Soil carbon in the Jena Experiment (all blocks Main Experiment up to 30cm depth, year 2004)

This data set contains soil carbon measurements (Organic carbon, inorganic carbon, and total carbon; all measured in dried soil samples) from the main experiment plots of a large grassland biodiversity experiment (the Jena Experiment; see further details below). In the main experiment, 82 grassland plots of 20 x 20 m were established from a pool of 60 species belonging to four functional groups (grasses, legumes, tall and small herbs). In May 2002, varying numbers of plant species from this species pool were sown into the plots to create a gradient of plant species richness (1, 2, 4, 8, 16 and 60 species) and functional richness (1, 2, 3, 4 functional groups). Plots were maintained by bi-annual weeding and mowing. Soil sampling and analysis: Stratified soil sampling was performed in April 2004 to a depth of 30 cm. Three samples per plot were taken using a split tube sampler with an inner diameter of 4.8 cm (Eijkelkamp Agrisearch Equipment, Giesbeek, the Netherlands).

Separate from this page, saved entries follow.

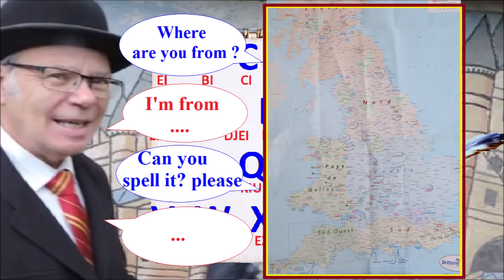Hello. Where are you from? I'm from Manchester. M-A-N-C-H-E-S-T-E-R. Okay.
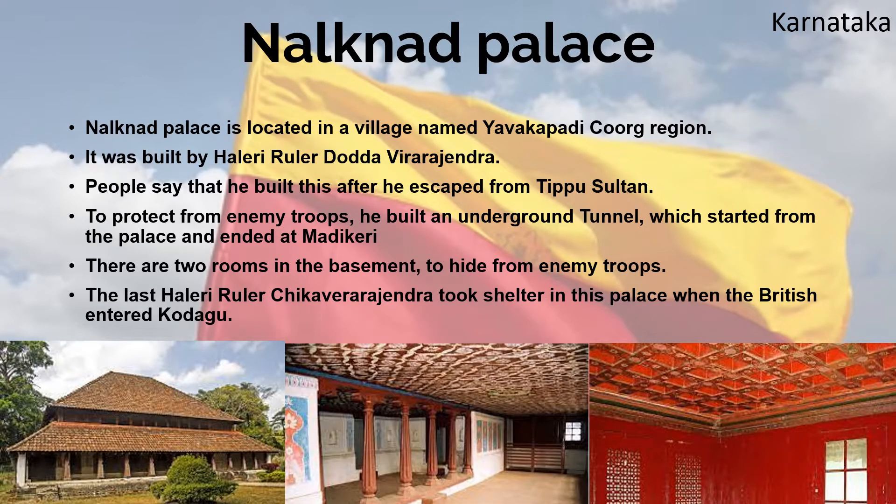Naskanar Palace is located in a village called Yavakapadi in the Coorg region. It was built by Haleri ruler Dodda Virarajendra, reportedly after he escaped from Tipu Sultan. To protect against enemy troops, he built an underground tunnel starting from the palace and ending at Madikeri. There are two rooms in the basement to hide from enemies. The last Haleri ruler, Chikka Vera Rajendra, took shelter in this palace when the British entered Kodagu.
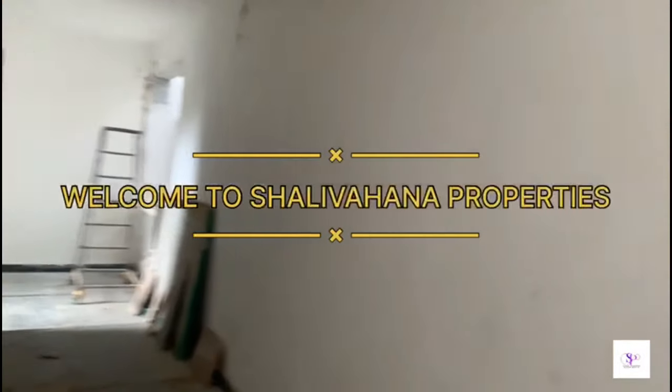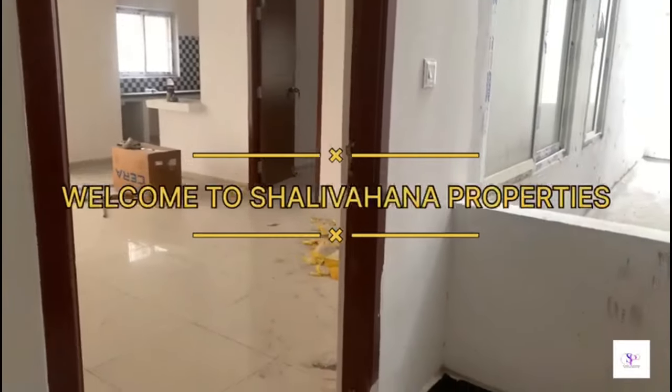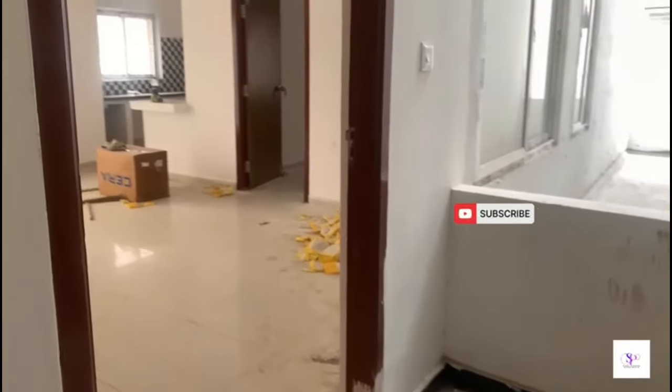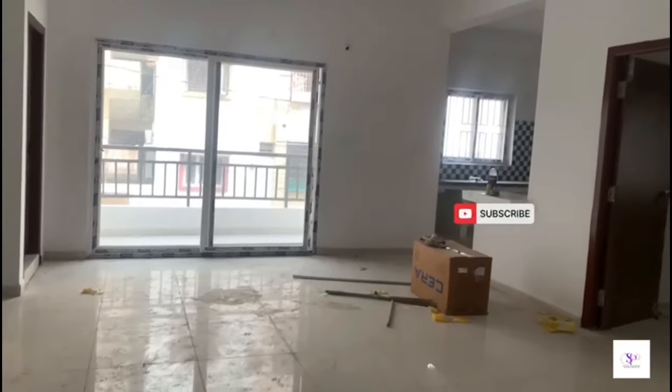Hi viewers! Welcome to Shalivanar Properties! Today we are going to look at a 3BHK in a low SFT and a low budget. This is a lot of fun.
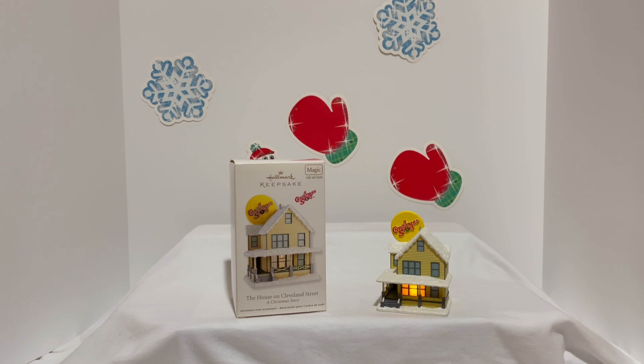That is the House on Cleveland Street from 2012. If you guys like it, you might have to look online. The memorable scene the kids remember is when they had soap in the mouth after the kid said the bad word. We hope you like this ornament — if you love the movie, you definitely got to check it out. Thanks for stopping by, we'll see you next time. Bye!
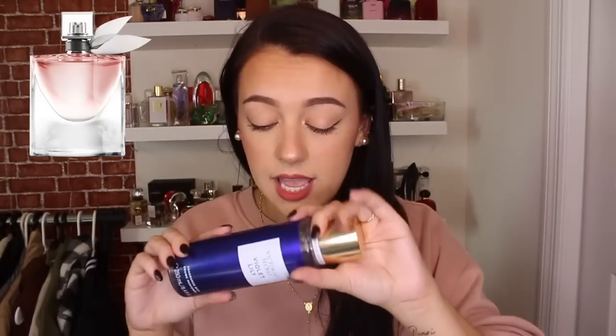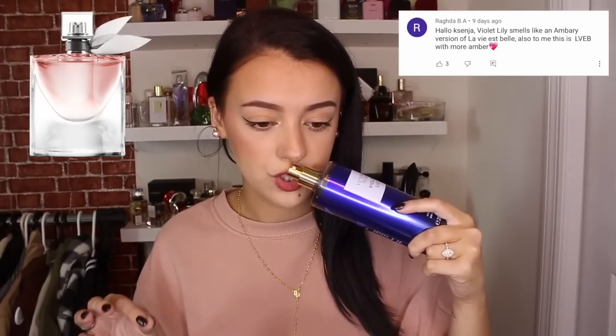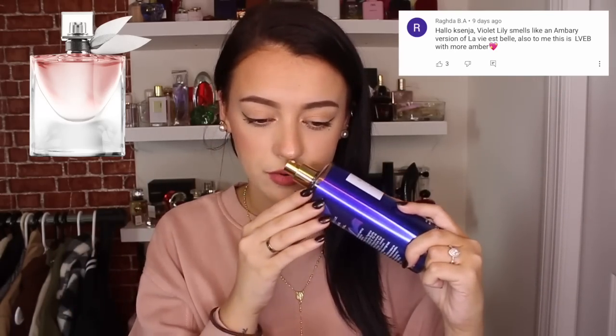The dupe is Violet Lily from Victoria's Secret — this is a new release and it smells almost identical to La Vie Est Belle. This is a body spray that smells like a legitimate perfume. It has that patchouli note in it which very much elevates it, and it's not a really polarizing patchouli — it's very toned down, very sweet. The person that mentioned this is Ragda B.A., and I'll put the comment right here. She said: 'Violet Lily smells like an ambery version of La Vie Est Belle.' I would definitely agree — I really smell the amber in here, and there's not really an ambery scent to La Vie Est Belle.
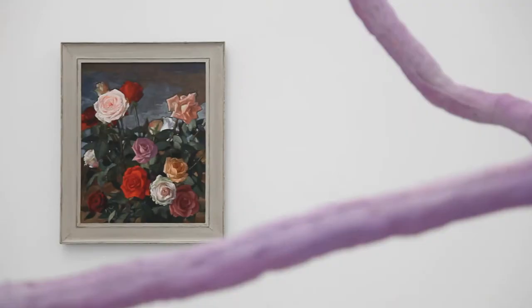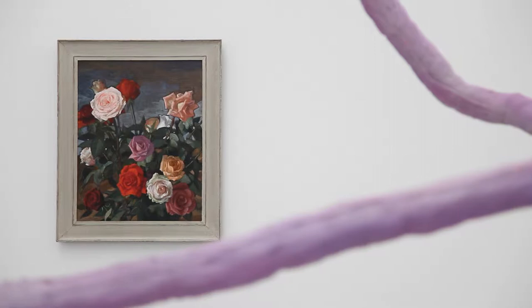Bonjour, I'm Judith Benamour. Today I came to Frieze Art Fair. You could think that we are going to speak about classical art, but we are in a contemporary fair and we are about to speak about a very cutting edge painter.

Sampling locations were less than 30 cm apart from sampling locations in 2002. Soil samples were segmented into 5 cm depth segments in the field (resulting in six depth layers) and made into composite samples per depth. Subsequently, samples were dried at 40°C. All soil samples were passed through a sieve with a mesh size of 2 mm. Because of much higher proportions of roots in the soil, samples in years after 2002 were further sieved to 1 mm according to common root removal methods. No additional mineral particles were removed by this procedure. Total carbon concentration was analyzed on ball-milled subsamples (time 4 min, frequency 30 s**-1) by an elemental analyzer at 1150°C (Elementaranalysator vario Max CN; Elementar Analysensysteme GmbH, Hanau, Germany). We measured inorganic carbon concentration by elemental analysis at 1150°C after removal of organic carbon for 16 h at 450°C in a muffle furnace. Organic carbon concentration was calculated as the difference between both measurements of total and inorganic carbon.